Chaos in Venezuela: Maduro's madness
Chaos that Venezuela's socialist ruler unleashed by outrageously seizing stores selling electronics and extending blanket price controls elsewhere is a cautionary tale for all who think every problem's answer is more government intrusion and control.
That “state knows best” attitude, personified by the late President Hugo Chavez's penchant for nationalizing industries, has made Venezuela an economic basket case: 54-percent inflation, with such basics as milk, toilet paper and flour in short supply. Yet with municipal elections a month away, President Nicolas Maduro on Friday doubled down on his predecessor's ill-advised approach.
Accusing the five-store Daka chain of price gouging, Mr. Maduro ordered soldiers to “occupy” the stores and liquidate their stock at “significantly lower prices,” according to The New York Times. Huge crowds then went bargain-hunting — or, as in Valencia, Venezuela's third-largest city — looting at the stores.

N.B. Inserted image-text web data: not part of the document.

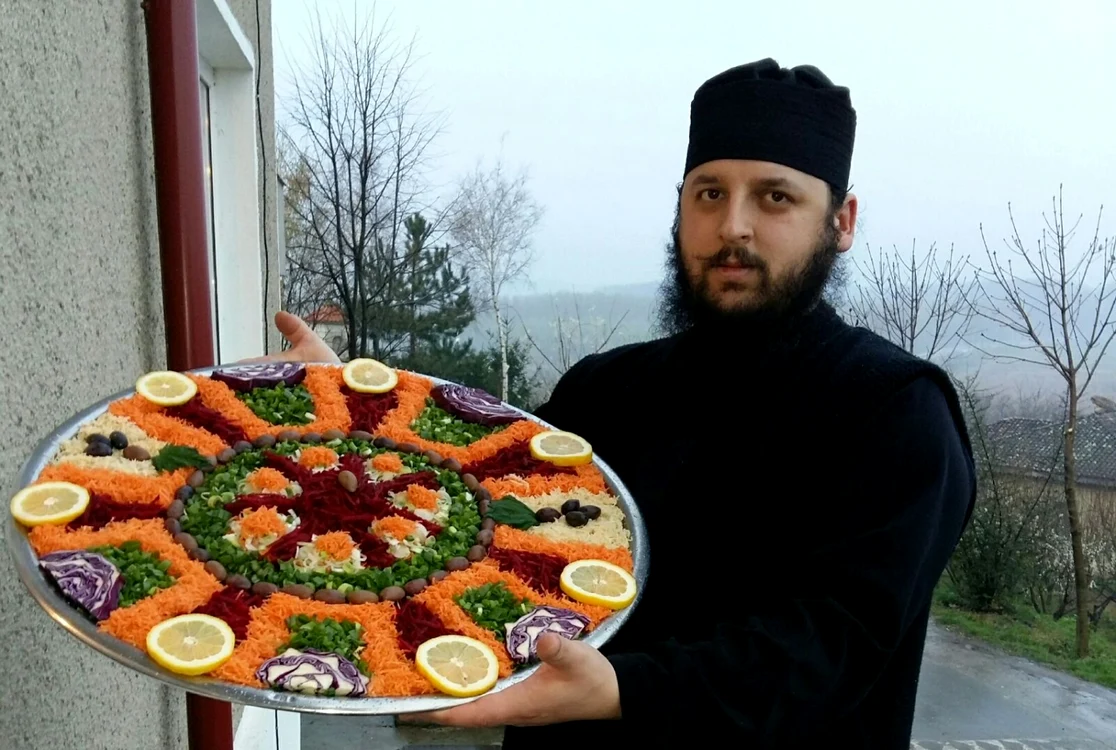 
    Călugărul Efrem Bandarică şi una dintre operele sale de artă din bucătărieFotografii: Arhiva personală Efrem Bandarică  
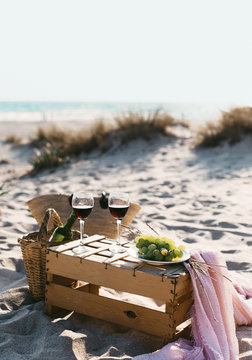 Wine and grape on beach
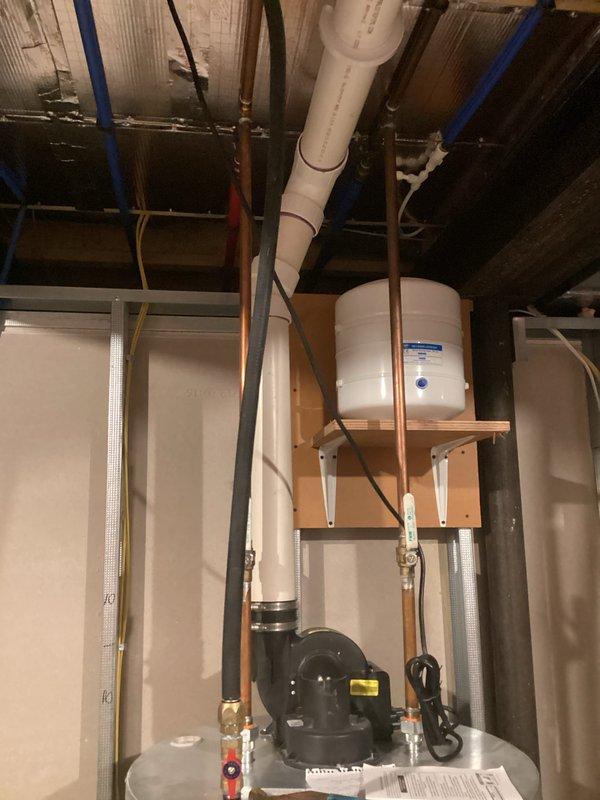 Conducted on-site assessment for tankless water heater installation in residential basement utility area. Evaluated existing plumbing infrastructure including copper supply lines, PVC drainage system, pressure tank configuration, and circulating pump setup to determine feasibility and requirements for converting from traditional tank system to tankless unit. Documented current mechanical room layout, overhead joist clearances, gas line accessibility, venting pathways through existing ductwork areas, and electrical service capacity for proper equipment specification and installation planning.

Maduro maintains he's fighting an “economic war” against domestic right-wing opponents and their Colombian and American supporters. But what he's really fighting are immutable laws of basic economics — a losing battle for sure.
However many store managers he arrests for supposed price-gouging, however many other retailers he targets and however much anti-capitalist rhetoric he spouts, Maduro's not going to turn Venezuela's economy around by increasing state control. After all, it's nationalization and socialism — not free markets and capitalism — that have brought Venezuela its economic woes.